WHAT YOU NEED TO DO
Leaving out any pictures, print the entries that follow exactly as they stand.

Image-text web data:
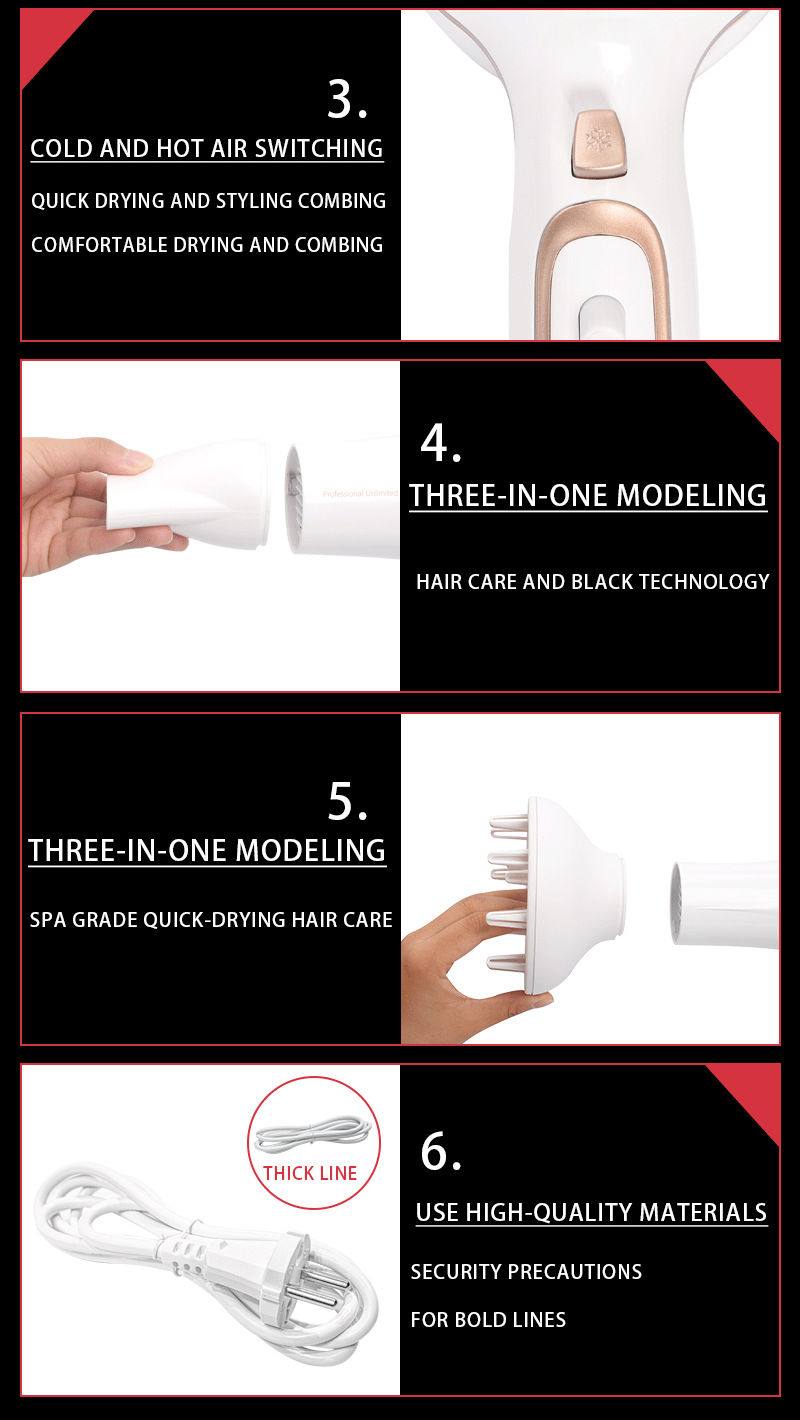 Thumbnail: Lexi 2200W Hair Dryer (2 Colors, Fast Drying, Gentle on Hair)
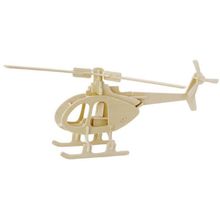 3D пазл Вертолёт деревянный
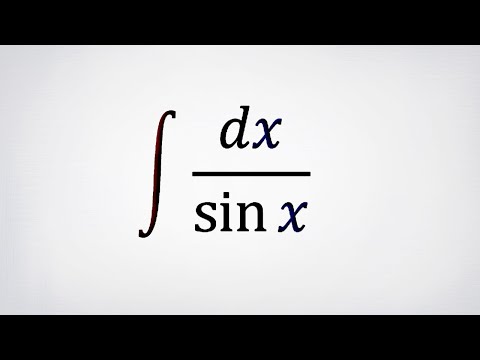 Видео: Неопределенный интеграл 1/sin(x)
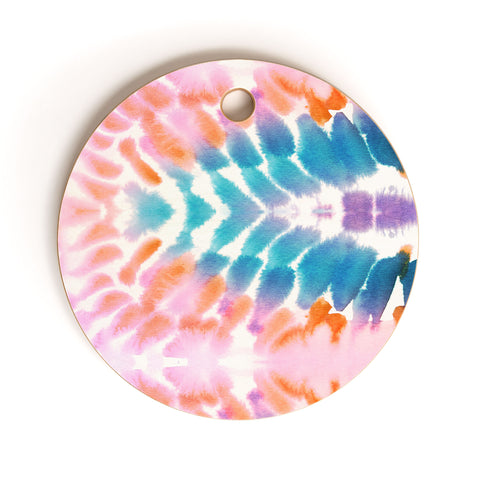 Schatzi Brown Free Spirit Pattern C Cutting Board Round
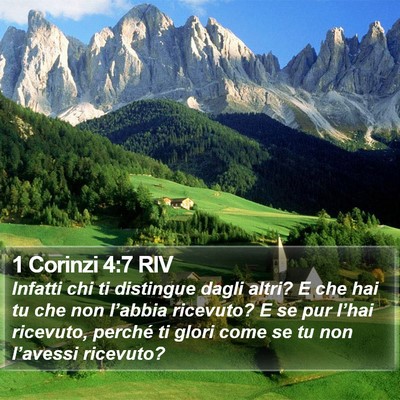 1 Corinzi 4:7 RIV Bible Verse Image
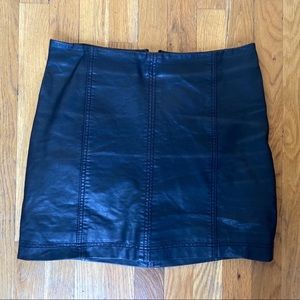 Free People Modern Femme Faux-Leather Mini Skirt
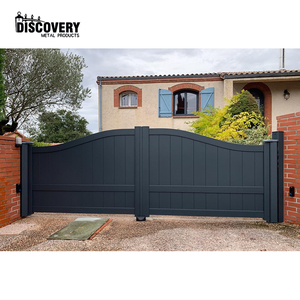 Puerta Principal Moderna y Sencilla, Diseño <span class=keywords><strong>de</strong></span> Puerta <span class=keywords><strong>Exterior</strong></span> Automática, Precio <span class=keywords><strong>de</strong></span> Fábrica Bajo, Puerta <span class=keywords><strong>de</strong></span> <span class=keywords><strong>Entrada</strong></span> Principal para Jardín Sostenible - Product Image 5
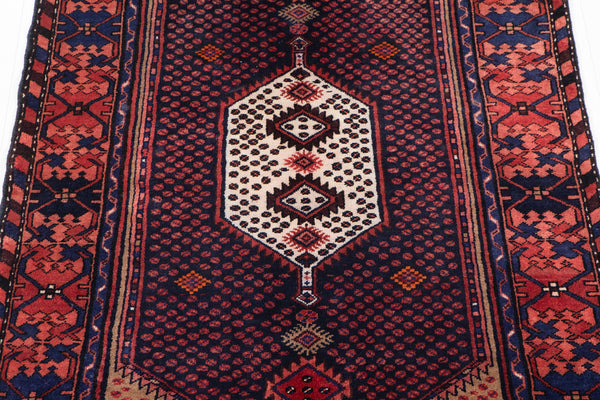 6' 7" x 4' 1" Excellent Hand-Knotted Vintage Collectible Soft Tribal Rug - Yasi & Fara 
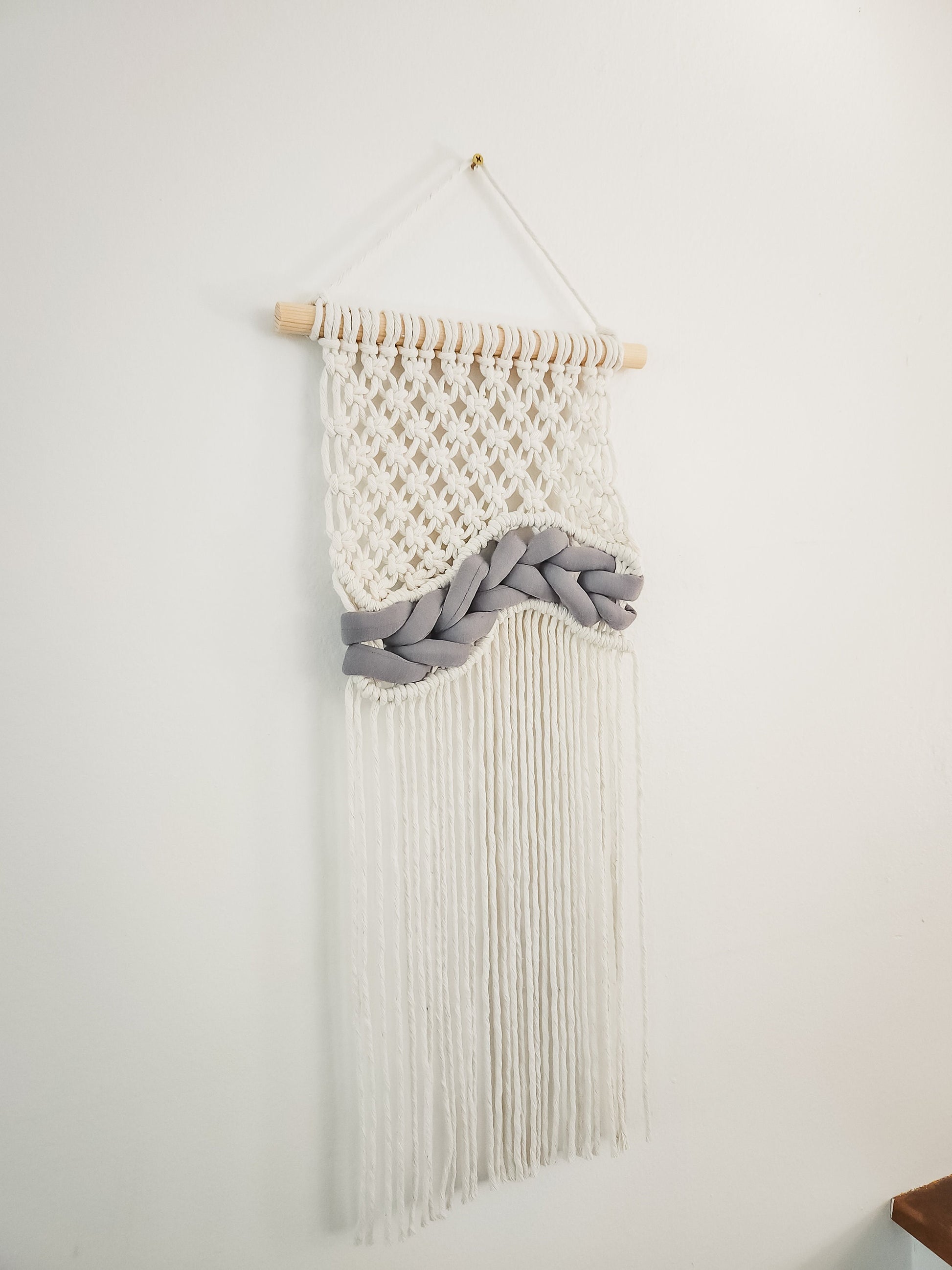 Small Handmade Macrame Wall Hanging, Woven Macrame, Handmade in the United States, Wall Tapestry, Small Macrame, Small Wall Art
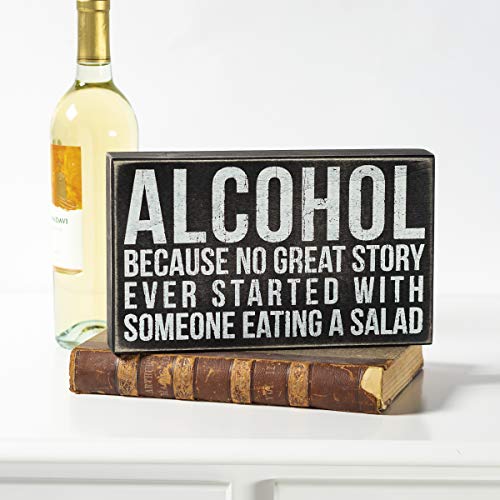 Primitives by Kathy 19416 Classic Box Sign, 10 x 6-Inches, Alcohol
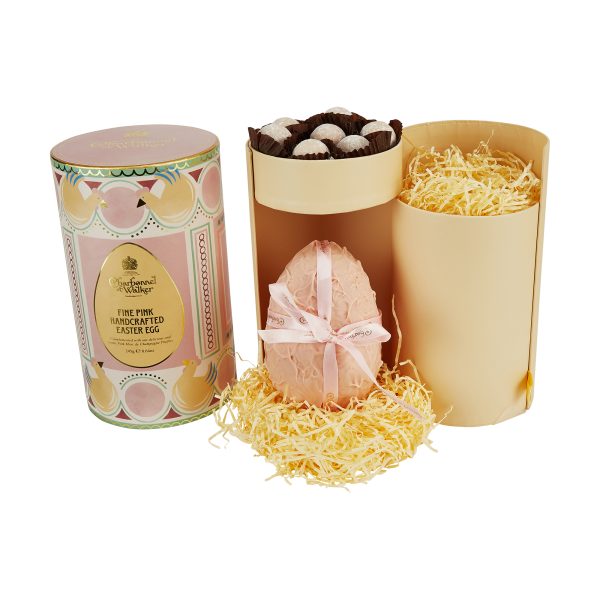 Charbonnel et walker pink marc de champagne egg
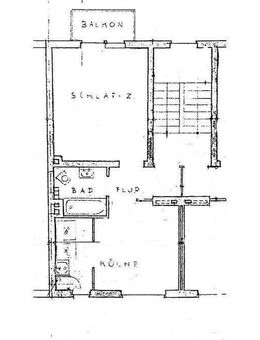 Zweizimmerwohnung mit Balkon, gemütlich + hell, ca. 39m², im 1. OG - Saarbrücken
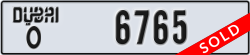 dubai - code - O - number -6765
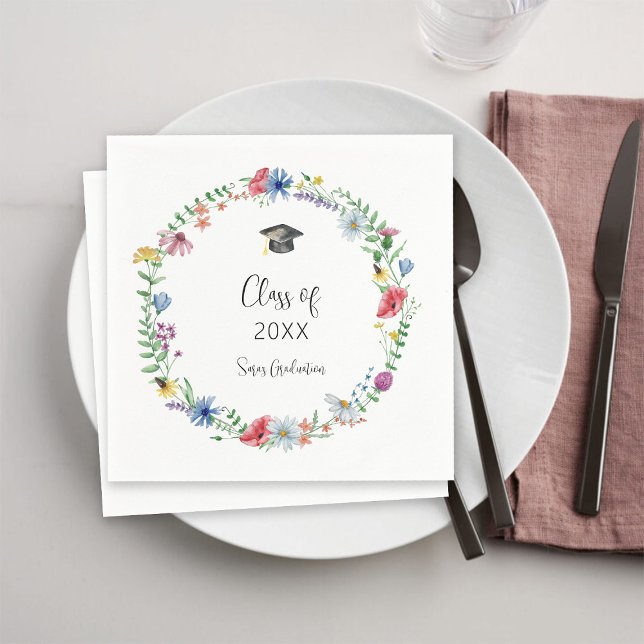 Wildflowers Graduation Napkin (Creator Uploaded)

OUTPUT FOR THIS EXERCISE
 Thumbnail: Lexi 2200W Hair Dryer (2 Colors, Fast Drying, Gentle on Hair)
 3D пазл Вертолёт деревянный
 Видео: Неопределенный интеграл 1/sin(x)
 Schatzi Brown Free Spirit Pattern C Cutting Board Round
 1 Corinzi 4:7 RIV Bible Verse Image
 Free People Modern Femme Faux-Leather Mini Skirt
 Puerta Principal Moderna y Sencilla, Diseño <span class=keywords><strong>de</strong></span> Puerta <span class=keywords><strong>Exterior</strong></span> Automática, Precio <span class=keywords><strong>de</strong></span> Fábrica Bajo, Puerta <span class=keywords><strong>de</strong></span> <span class=keywords><strong>Entrada</strong></span> Principal para Jardín Sostenible - Product Image 5
 6' 7" x 4' 1" Excellent Hand-Knotted Vintage Collectible Soft Tribal Rug - Yasi & Fara 
 Small Handmade Macrame Wall Hanging, Woven Macrame, Handmade in the United States, Wall Tapestry, Small Macrame, Small Wall Art
 Primitives by Kathy 19416 Classic Box Sign, 10 x 6-Inches, Alcohol
 Charbonnel et walker pink marc de champagne egg
 Zweizimmerwohnung mit Balkon, gemütlich + hell, ca. 39m², im 1. OG - Saarbrücken
 dubai - code - O - number -6765
 Wildflowers Graduation Napkin (Creator Uploaded)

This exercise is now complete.